#### INFORMATION PROVIDED

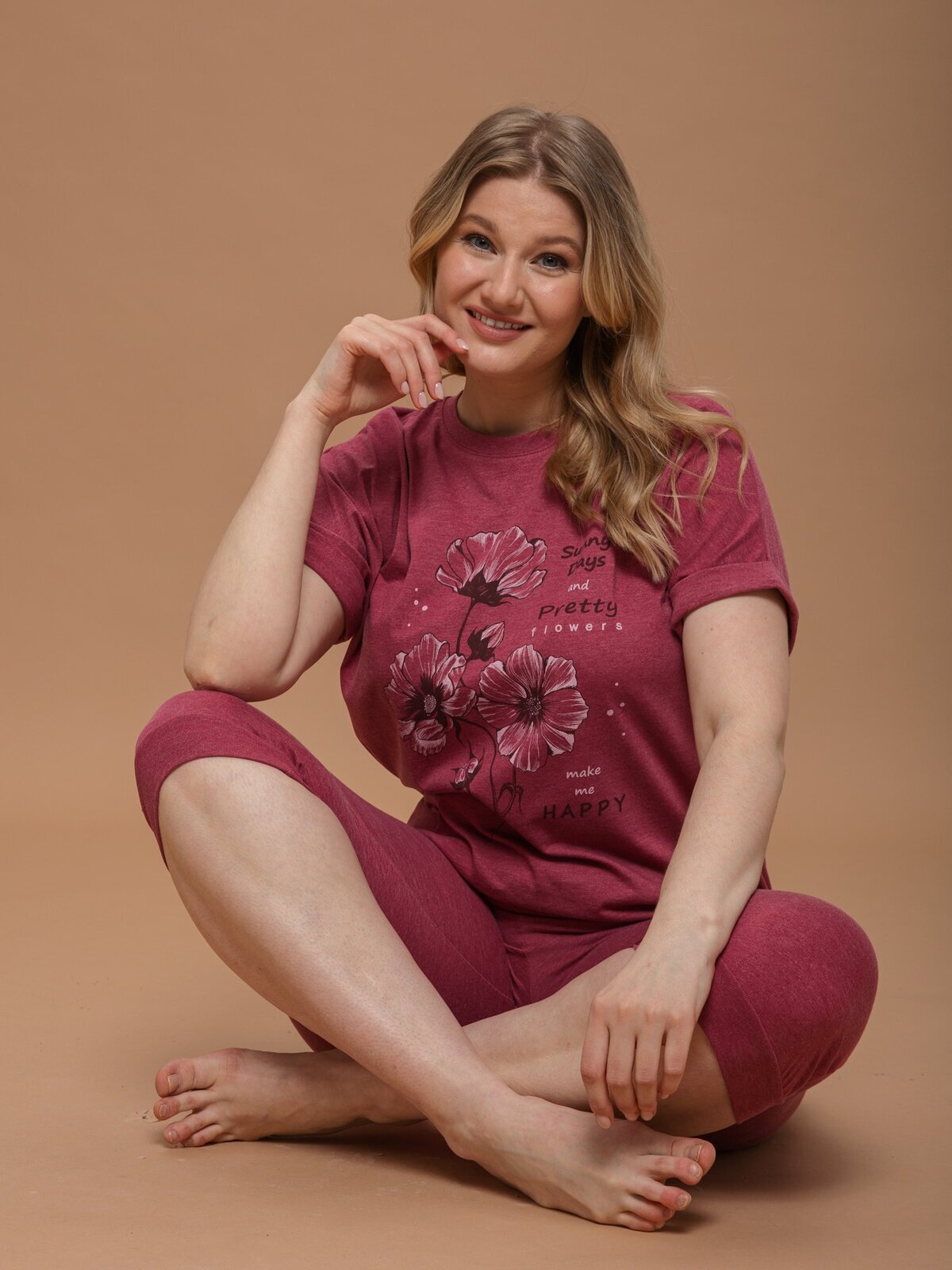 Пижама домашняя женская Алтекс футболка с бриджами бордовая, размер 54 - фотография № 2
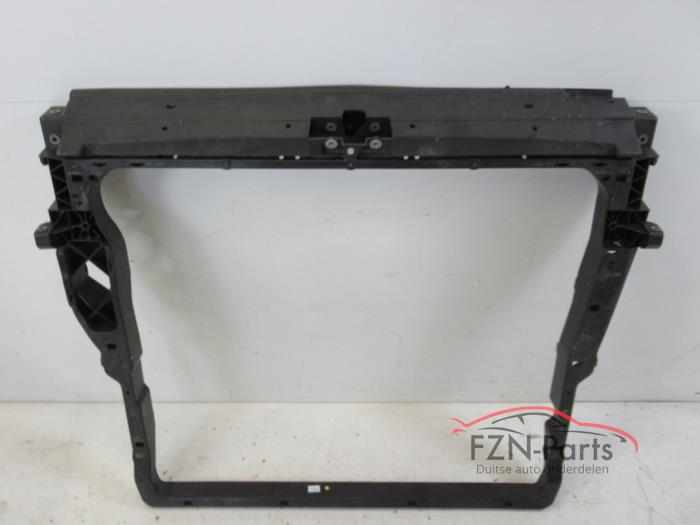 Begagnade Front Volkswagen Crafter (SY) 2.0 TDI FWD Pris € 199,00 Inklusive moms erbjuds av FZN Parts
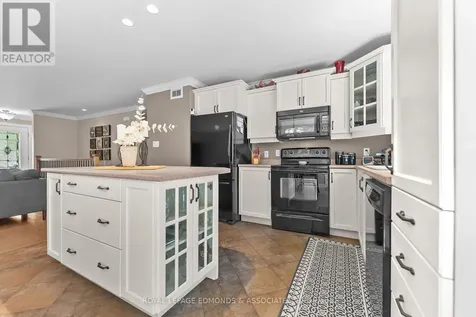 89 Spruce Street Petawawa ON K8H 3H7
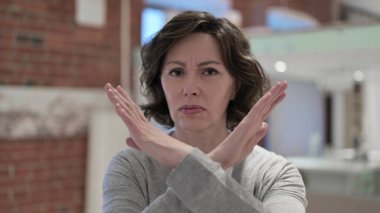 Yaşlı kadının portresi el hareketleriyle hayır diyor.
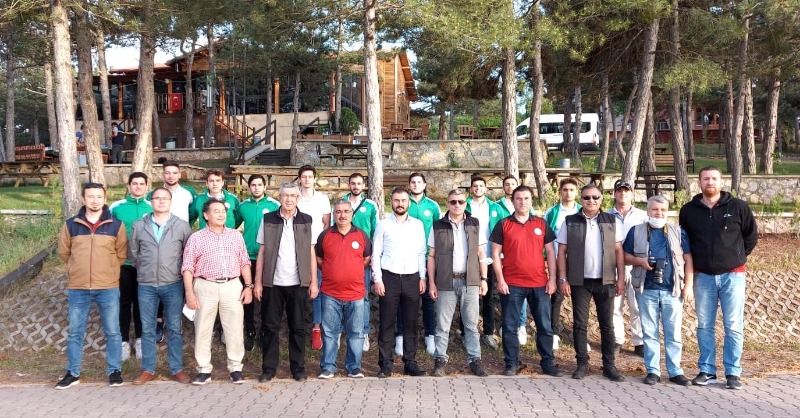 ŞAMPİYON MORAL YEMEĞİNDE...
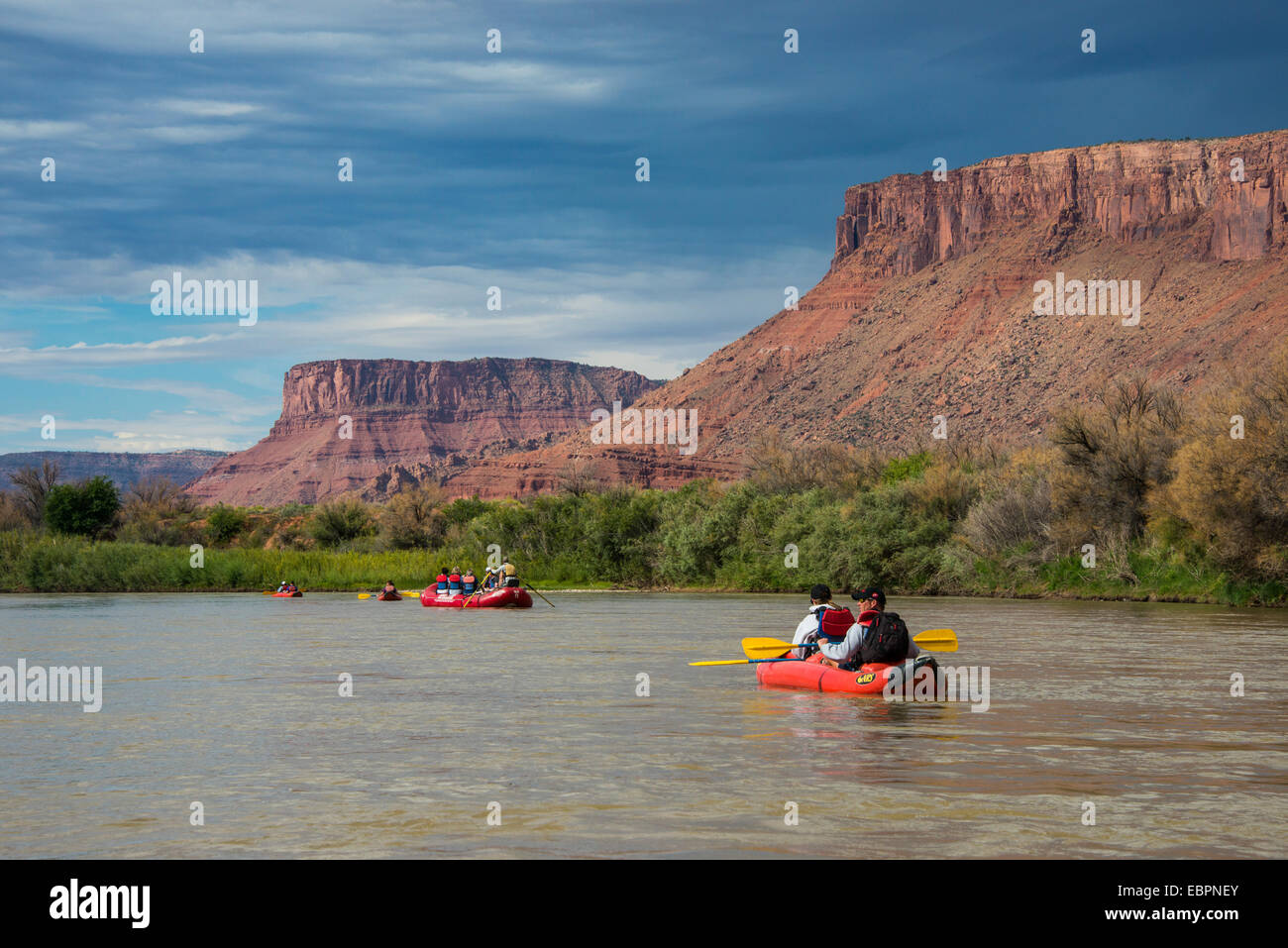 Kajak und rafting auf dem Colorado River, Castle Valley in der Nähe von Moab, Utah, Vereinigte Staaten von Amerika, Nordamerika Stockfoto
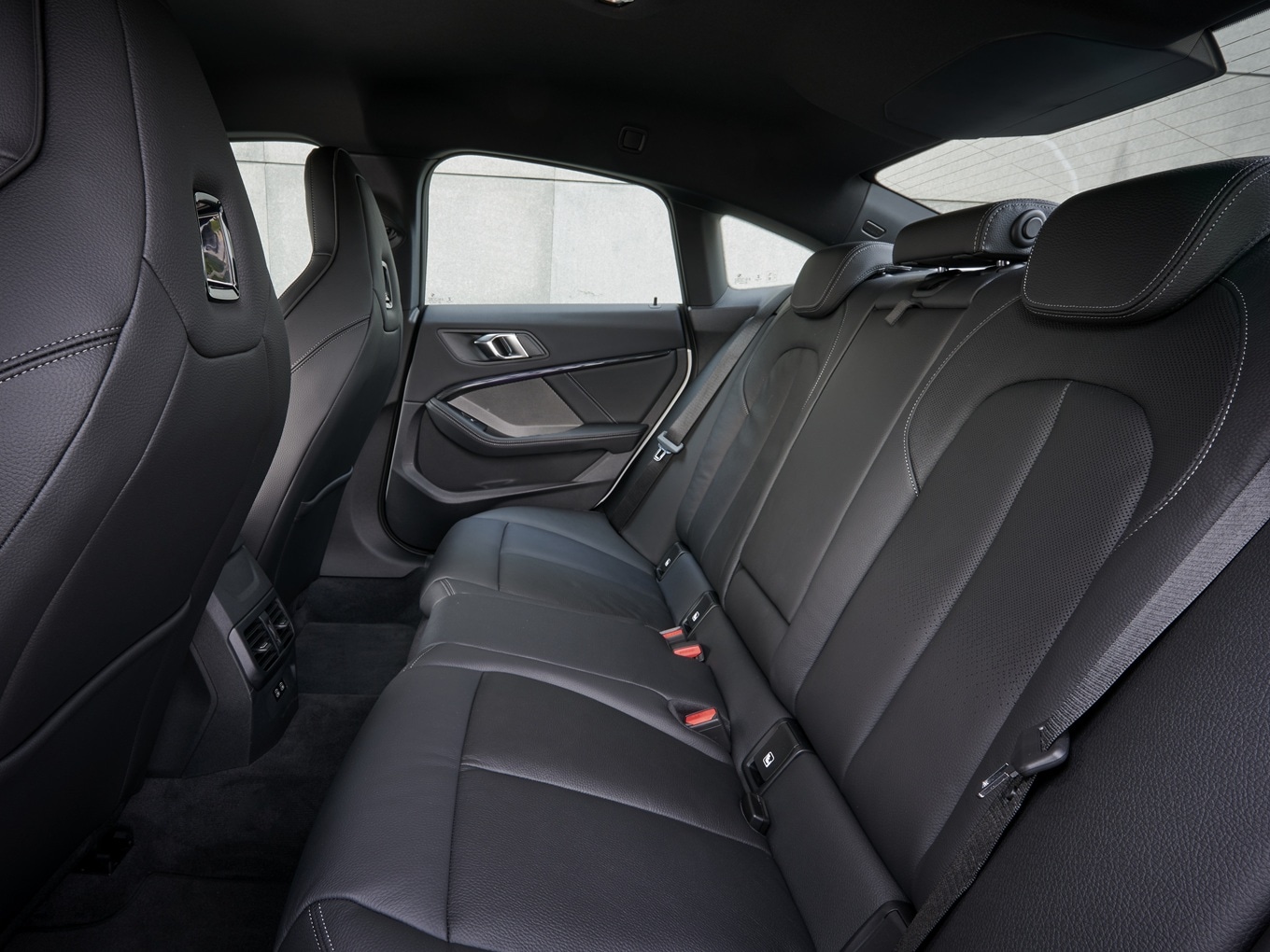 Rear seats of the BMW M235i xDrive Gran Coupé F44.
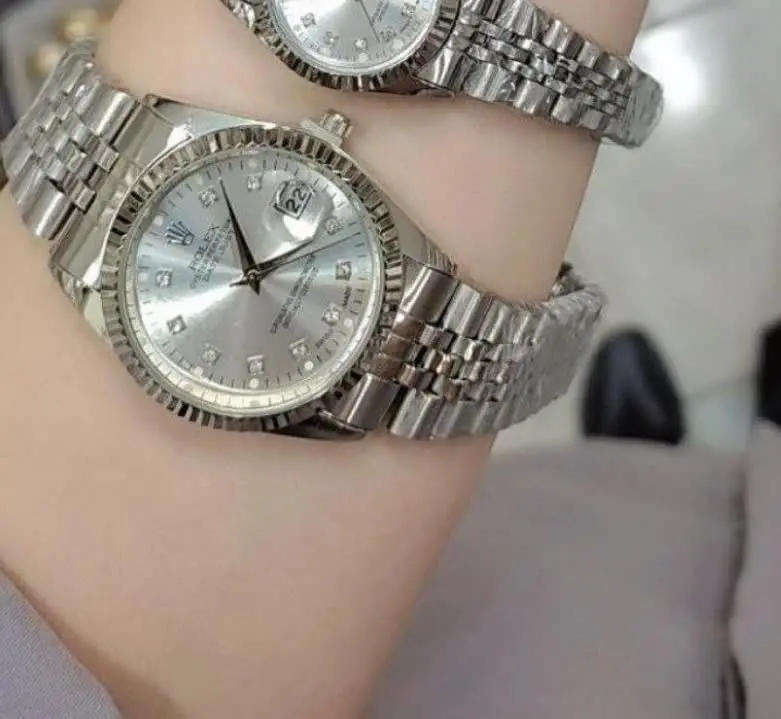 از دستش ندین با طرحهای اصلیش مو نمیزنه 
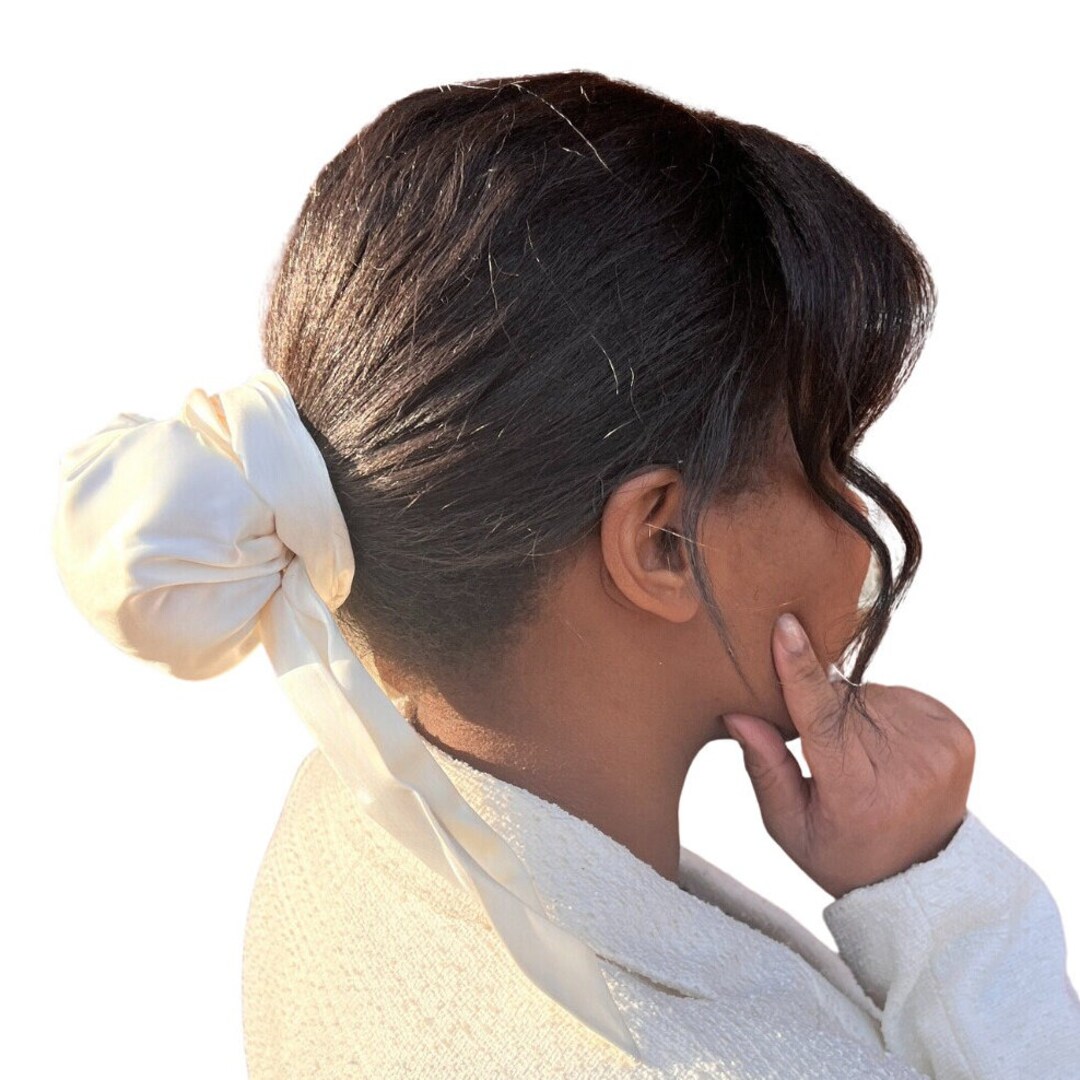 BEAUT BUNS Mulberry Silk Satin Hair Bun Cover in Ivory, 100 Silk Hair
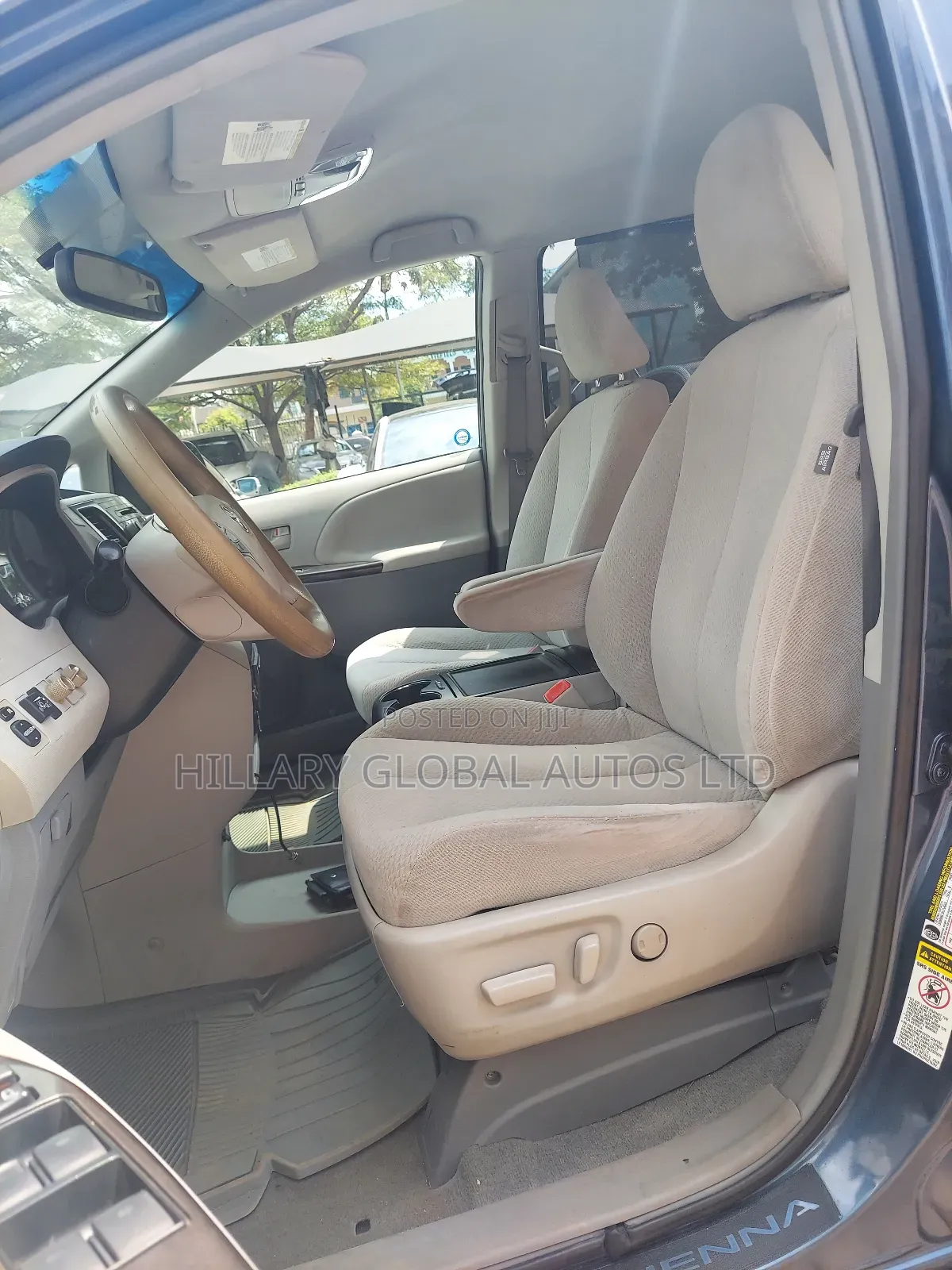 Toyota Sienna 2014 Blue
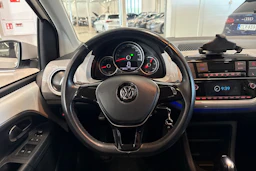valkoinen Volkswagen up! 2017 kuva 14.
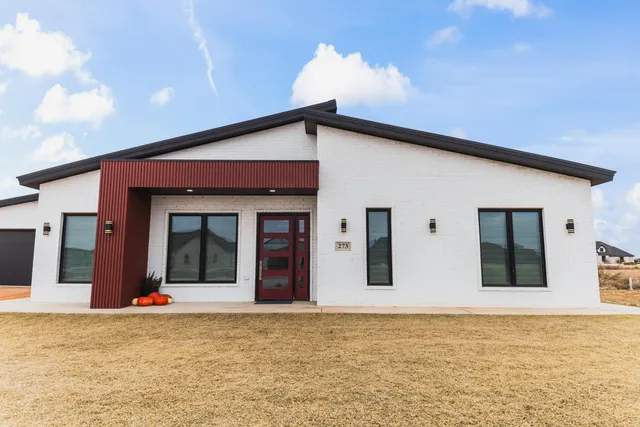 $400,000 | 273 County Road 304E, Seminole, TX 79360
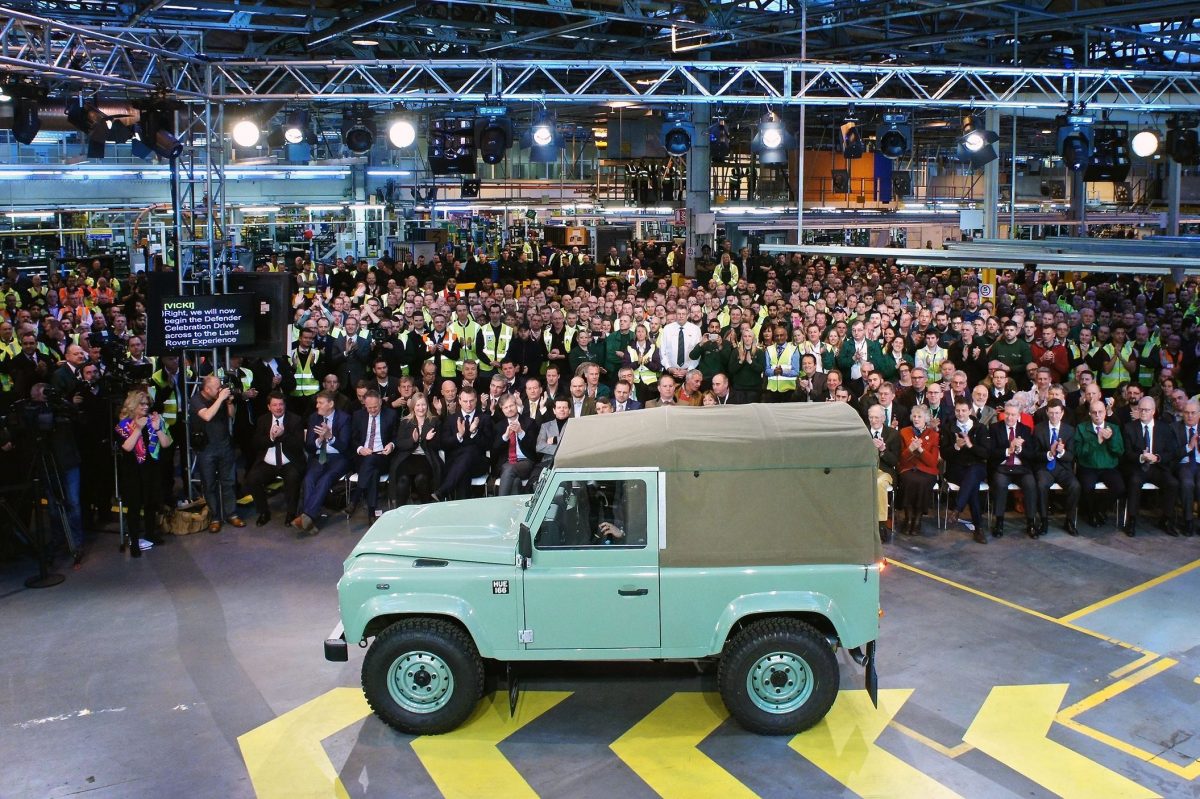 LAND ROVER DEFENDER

########

* **PROBLEM**
Every record must be set down again exactly; pictures do not belong in the copy.

* **TASK ANSWER**
 Пижама домашняя женская Алтекс футболка с бриджами бордовая, размер 54 - фотография № 2
 Begagnade Front Volkswagen Crafter (SY) 2.0 TDI FWD Pris € 199,00 Inklusive moms erbjuds av FZN Parts
 89 Spruce Street Petawawa ON K8H 3H7
 Yaşlı kadının portresi el hareketleriyle hayır diyor.
 ŞAMPİYON MORAL YEMEĞİNDE...
 Kajak und rafting auf dem Colorado River, Castle Valley in der Nähe von Moab, Utah, Vereinigte Staaten von Amerika, Nordamerika Stockfoto
 Rear seats of the BMW M235i xDrive Gran Coupé F44.
 از دستش ندین با طرحهای اصلیش مو نمیزنه 
 BEAUT BUNS Mulberry Silk Satin Hair Bun Cover in Ivory, 100 Silk Hair
 Toyota Sienna 2014 Blue
valkoinen Volkswagen up! 2017 kuva 14.
 $400,000 | 273 County Road 304E, Seminole, TX 79360
 LAND ROVER DEFENDER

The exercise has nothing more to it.